Millions of years ago when these trees fell, many of them were covered by river sediments. This prevented decay. And, volcanic ash dissolved into the groundwater which provided silica to the log. As the two interacted with each other, the log slowly turned from an organic material and crystallized into one made of quartz. That is the process by which wood becomes petrified.
On our way from Utah to our new home base in New Mexico, we were passing by the Petrified Forest National Park and decided to dip in and check it out. If you enter from the Northern Entrance, off of Interstate 40, you will first come to the Painted Desert. That is because the Painted Desert is about 7,500 square miles and the Petrified Forest National Park is completely inside it. For those of you who have followed our travels, you will recall seeing pictures from the South Dakota, North Dakota and Montana Badlands. The Painted Desert reminds me of the same type of landscape but with different colors. It has more of a reddish tint to it. Looks pretty when you see it from an elevated vantage point.
As you continue southward into the park, you will actually come to a very unique point. The Petrified Forest is the only National Park that had Historic Route 66 within its borders. From 1926 to 1958, Route 66 ran through the Petrified Forest National Park. This introduced millions of people to the Petrified Forest. Today there is the remains of a 1932 Studebaker to mark where Route 66 was. And you can see lines of telephone poles that ran parallel to the old route.
Once we took in the significance of the Route 66 spot, we continued southward until we got to Newspaper Rock. It is called that because over 650 images have been carved into the rocks. These are called petroglyphs. They were created by the ancestral Puebloan people between 650 to 2000 years ago. It is theorized that multiple generations had carved images into these boulders. I joked around with the boys and told them that they are looking at some of the earliest forms of graffiti. Hahaha.
Next, on down the road, we came to the Agate Bridge. This is one of the first examples of petrified trees that we have seen. This log fell into a river and was covered by sediment. As previously described, silica from volcanic ask combined with it to make it into quartz. As the river continued to erode the rock and dirt along the riverbed, it stayed in place. It looked like a bridge across the river, with a length of 100 feet. The river has since dried up and men have put concrete under the petrified tree so it would not eventually crack in half. So, it is still there to see and enjoy.
After the Agate Bridge, we came to the Jasper Forest. This spot has one of the largest accumulations of petrified wood in the entire world.
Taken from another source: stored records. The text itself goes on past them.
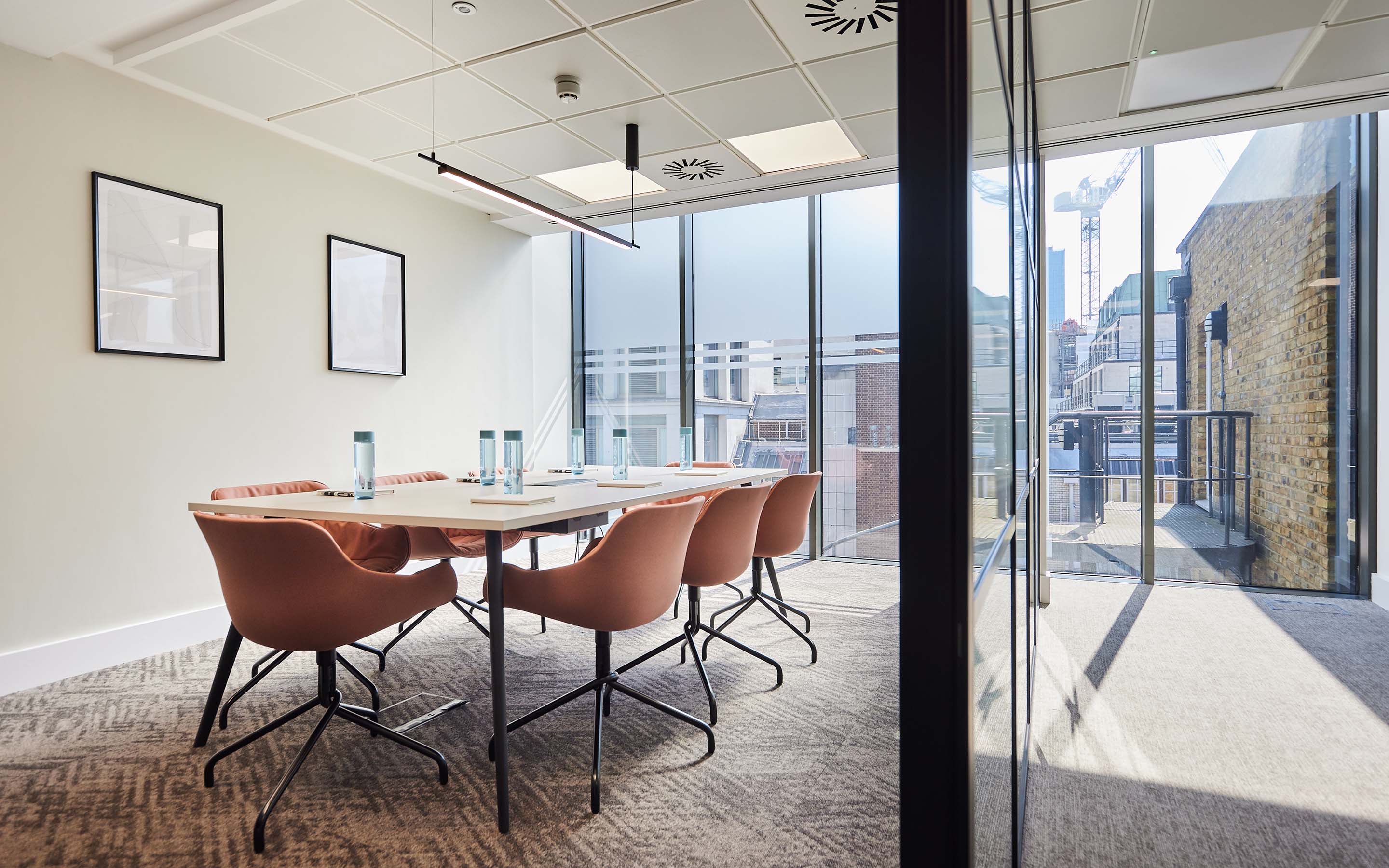 Modern conference room with a long table, tan chairs, framed art on walls, and large windows.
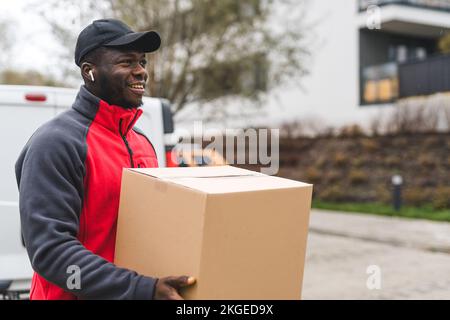 Schwarzer junger Erwachsener trägt Arbeitskleidung, roter, lächelnder Pullover und trägt Pappkartons zur Lieferung. Horizontalschuss im Freien. Hochwertiges Foto Stockfoto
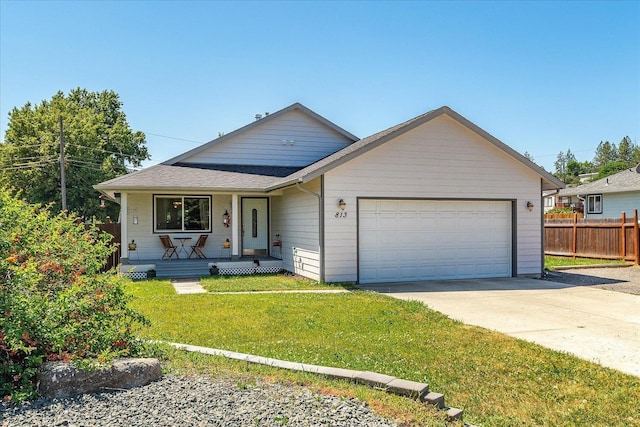 813 Tamarack Ln, Chewelah, WA 99109 - view of front facade with a porch, an attached garage, driveway, and a shingled roof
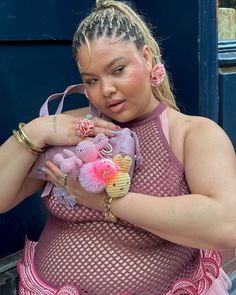 a woman with braids and pink dress holding a stuffed animal in her hand while standing next to a blue door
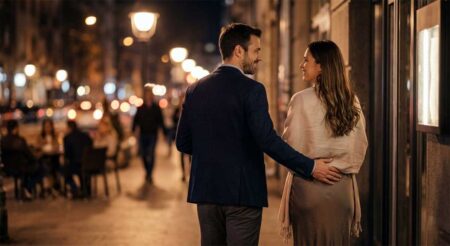 What Does It Mean When a Guy Touches Your Lower Back? Man gently touching a woman’s lower back as they walk into a restaurant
When you walk out onto the observation area, you will see petrified logs and log pieces in every direction. It was originally called the First Forest because it was the first petrified forest available to railroad travelers in the early 1900s.
We left the Jasper Forest and made our way to the information center area that had a museum, gift shop and parking; the customary buildings you see by an entrance to a National Park. We had finally arrived at the Southern Entrance. From here, there are a few different hikes you can take. So we hiked and headed out to Long Logs, just north of the parking area. This is an area where it looked like trees had fallen, floated down a river and got stuck along the way into various log jams. The path takes you out among some of them. There are full-sized and very long logs all over the place. This is the first time we could really get up close and personal to examine the multiple and vibrant colors that made up the petrified logs.
Once finished with Long Logs, we hiked back to the parking area and stopped off in the information center for a bathroom break. While in there, we saw some displays and learned that this area also supported a population of phytosaurs. These are crocodile like creatures whose heads could grow up to 3 feet or so in length, with a total body length of 17 feet and weigh up to 2100 pounds! We saw a fossil of a cranium that is over 21 million years old. They were a top aquatic predator in the area during their time period.
Leaving the information center feeling relieved, we headed south to Giant Logs. This is behind the information center and up on the hill. There is a petrified log there called Old Faithful. This log spans more than 10 feet wide at the base. It truly was a giant log. It was surrounded by other large logs, but, it truly was the giant of them all.
Once finished with Giant Logs, we hopped back into Ebony and continued our trek to New Mexico. This National Park was unlike any I had seen before. I do not recall any of us seeing petrified logs, much less a forest of them. If you are heading across I-40 between New Mexico and Flagstaff, Arizona, I would take a few hours and explore this desert that once was a subtropical forest. Safe Travels.